Its the only one that was close to being useable. I wish there were better but like I said... I had never done a "jumping" one before and all of them had motion blur and I don't know why since I was at shutter speed 200 and ISO 800. I am going to go out and figure out why I got motion blur and noise. Oh there was no "contest" all I wanted to know was if anybody else thought it was obvious that the sky was shopped in. I didn't want to be like: hey the sky is shopped in,is it obvious? know what I mean? Either way thank you for your input.


----------



## ewick (Oct 24, 2012)

KmH said:


> FWIW, people always looked at me kind of odd when I would shoot my own stock sky images.
> 
> My sky shots are organized/keyworded by time of year, time of day, and approximate compass heading of the camera.



that is def. something to keep in mind. now that I needed a sky and didn't have one I think it will be in my best interest to start being more organized.


----------



## ewick (Oct 24, 2012)

KmH said:


> Shoot your own stock sky shots.




whats FWIW?


----------



## sm4him (Oct 24, 2012)

ewick said:


> KmH said:
> 
> 
> > Shoot your own stock sky shots.
> ...



For What It's Worth


----------



## MLeeK (Oct 24, 2012)

ewick said:


> Its the only one that was close to being useable. I wish there were better but like I said... I had never done a "jumping" one before and all of them had motion blur and I don't know why since I was at shutter speed 200 and ISO 800. I am going to go out and figure out why I got motion blur and noise. Oh there was no "contest" all I wanted to know was if anybody else thought it was obvious that the sky was shopped in. I didn't want to be like: hey the sky is shopped in,is it obvious? know what I mean? Either way thank you for your input.


1/200 is enough to stop a toddler in motion, but probably not running. Sure as heck isn't enough to stop fast moving hands and feet. Football my minimum is 1/500 and it would have been more appropriate here. 1/200 is really fairly slow. There are even people who have shake blur problems at times there.


----------



## ewick (Oct 24, 2012)

MLeeK said:


> ewick said:
> 
> 
> > Its the only one that was close to being useable. I wish there were better but like I said... I had never done a "jumping" one before and all of them had motion blur and I don't know why since I was at shutter speed 200 and ISO 800. I am going to go out and figure out why I got motion blur and noise. Oh there was no "contest" all I wanted to know was if anybody else thought it was obvious that the sky was shopped in. I didn't want to be like: hey the sky is shopped in,is it obvious? know what I mean?

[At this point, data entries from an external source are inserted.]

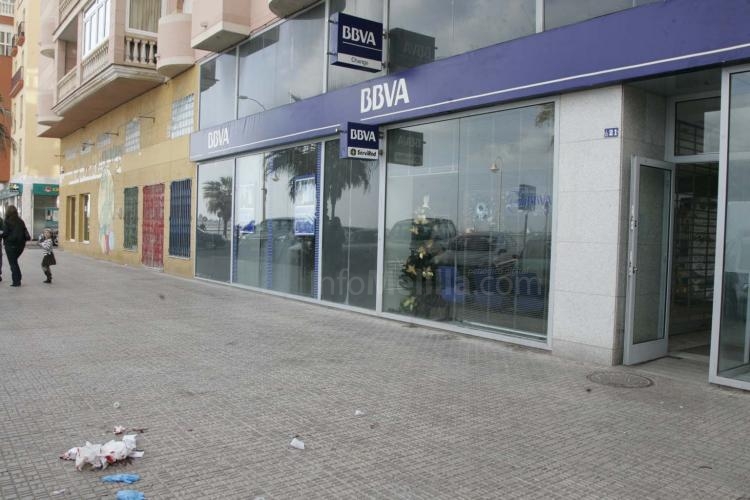 Herido grave el presidente del Melilla Baloncesto tras recibir 3 puñaladas en atraco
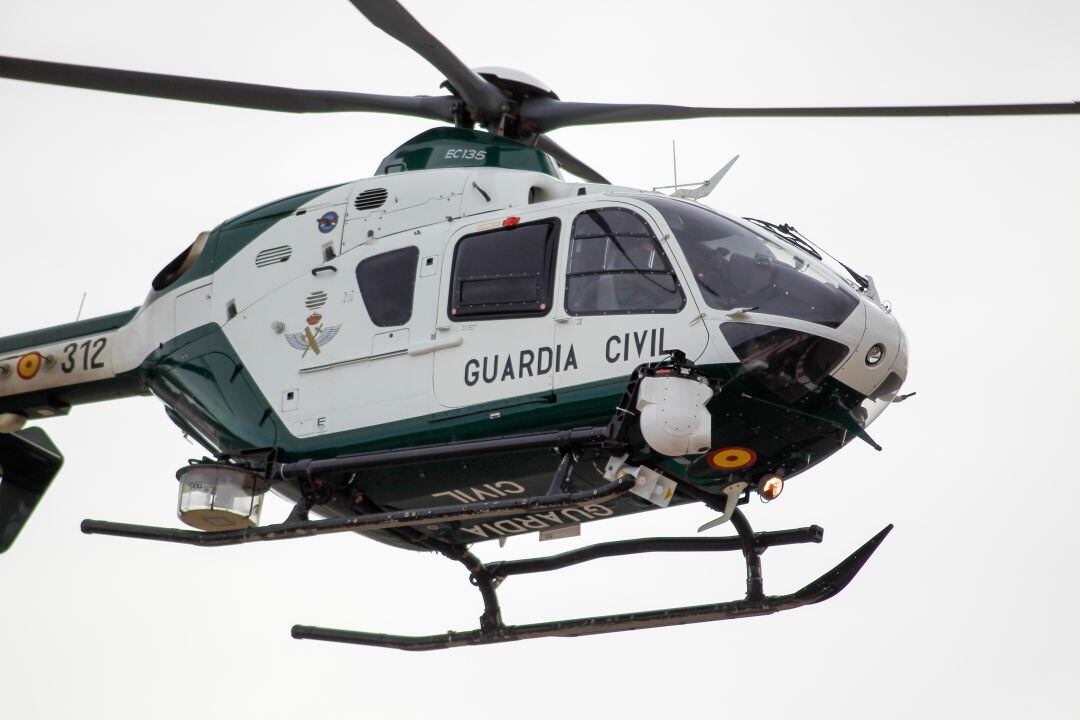Helicóptero de la Guardia Civil realizando maniobras.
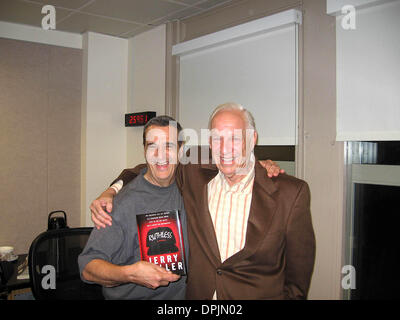 19. September 2006 - K49900MK. GÄSTE IN DER JOEY REYNOLDS SHOW NEW YORK 18.09.2006. MARK KASNER - JOEY REYNOLDS und JERRY HELLER(Credit Image: © Globe Photos/ZUMAPRESS.com) Stockfoto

Either way thank you for your input.
> ...




I will have to lok into that because I was using OCF and it would only snyc at 200. anything above that it would cut my image at the bottom.


----------



## Buckster (Nov 5, 2012)

ewick said:


> MLeeK said:
> 
> 
> > ewick said:
> ...


And there's the key element that MLeek isn't taking into account.  With flash to stop the motion, shutter speed can be VERY low.  I frequently stop fast motion with long shutters by using a flash.


----------



## Tareq935 (Nov 12, 2012)

Don't think it is photoshopped.


----------